### WORK REQUEST
Every line from the line containing "Vihara Elementor Template" through the final line of the data is to be printed exactly; no other line is to appear.

▬▬▬▬▬▬▬▬▬▬

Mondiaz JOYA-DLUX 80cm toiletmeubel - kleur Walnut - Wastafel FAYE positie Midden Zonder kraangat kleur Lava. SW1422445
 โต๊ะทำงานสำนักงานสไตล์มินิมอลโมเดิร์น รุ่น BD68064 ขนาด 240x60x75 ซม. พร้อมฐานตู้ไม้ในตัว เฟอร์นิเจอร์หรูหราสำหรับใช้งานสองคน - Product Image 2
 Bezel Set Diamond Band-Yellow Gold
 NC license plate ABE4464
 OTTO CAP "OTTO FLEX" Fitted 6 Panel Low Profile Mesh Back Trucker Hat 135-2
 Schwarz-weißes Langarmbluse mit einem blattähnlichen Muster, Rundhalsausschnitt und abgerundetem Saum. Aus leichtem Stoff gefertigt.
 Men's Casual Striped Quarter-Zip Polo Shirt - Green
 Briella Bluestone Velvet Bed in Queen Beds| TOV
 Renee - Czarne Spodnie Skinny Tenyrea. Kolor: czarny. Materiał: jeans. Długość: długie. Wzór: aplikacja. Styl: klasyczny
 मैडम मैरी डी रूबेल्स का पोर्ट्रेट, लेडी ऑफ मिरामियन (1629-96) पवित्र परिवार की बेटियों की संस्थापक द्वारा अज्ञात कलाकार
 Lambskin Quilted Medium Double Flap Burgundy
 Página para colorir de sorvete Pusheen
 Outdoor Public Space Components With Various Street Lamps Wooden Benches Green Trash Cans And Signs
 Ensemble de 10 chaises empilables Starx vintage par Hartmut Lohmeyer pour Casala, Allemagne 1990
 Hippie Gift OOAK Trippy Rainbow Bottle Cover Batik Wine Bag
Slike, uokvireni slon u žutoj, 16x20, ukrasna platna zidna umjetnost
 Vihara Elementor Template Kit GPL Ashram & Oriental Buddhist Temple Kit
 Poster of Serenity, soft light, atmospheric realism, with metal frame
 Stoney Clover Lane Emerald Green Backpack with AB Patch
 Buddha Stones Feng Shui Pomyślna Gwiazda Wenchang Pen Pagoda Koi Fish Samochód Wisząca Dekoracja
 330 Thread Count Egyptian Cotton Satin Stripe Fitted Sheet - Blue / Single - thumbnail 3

▬▬▬▬▬▬▬▬▬▬

### TASK ANSWER
 Vihara Elementor Template Kit GPL Ashram & Oriental Buddhist Temple Kit
 Poster of Serenity, soft light, atmospheric realism, with metal frame
 Stoney Clover Lane Emerald Green Backpack with AB Patch
 Buddha Stones Feng Shui Pomyślna Gwiazda Wenchang Pen Pagoda Koi Fish Samochód Wisząca Dekoracja
 330 Thread Count Egyptian Cotton Satin Stripe Fitted Sheet - Blue / Single - thumbnail 3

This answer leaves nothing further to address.